Today's D Brief: Democracy summit; Navy’s networks; Where are US hostages?; FARC, no longer terrorists?; And just a bit more.

The White House has invited more than 100 nations to its upcoming democracy summit in early December. (Find the full list, via the State Department, here.) Predictably, Chinese officials are indignant today that the government of Taiwan made the list. 

What to expect: A two-day virtual summit on Dec. 9 and 10, which the U.S. is framing as “a platform for leaders to announce both individual and collective commitments, reforms, and initiatives to defend democracy and human rights at home and abroad.”

Three “key themes” are expected to dominate talks, according to Foggy Bottom:

  1. “Defending against authoritarianism”;
  2. “Addressing and fighting corruption”;
  3. And “Promoting respect for human rights.”
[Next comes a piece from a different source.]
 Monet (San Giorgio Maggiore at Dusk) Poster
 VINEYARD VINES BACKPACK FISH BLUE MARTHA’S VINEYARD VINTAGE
Not invited: China, Russia, or Turkey. 

Taipei’s foreign ministry called their invite an “affirmation of Taiwan's efforts to promote the values of democracy and human rights over the years.” 

China’s foreign ministry called it “a cover and a tool for [the U.S.] to advance its geopolitical objectives, oppress other countries, divide the world and serve its own interests,” according to spokesman Zhao Lijian. Reuters has a bit more, here.

ICYMI: Here’s how China might take Taiwan, according to Reuters’ David Lague and Maryanne Murray, writing on Nov. 5.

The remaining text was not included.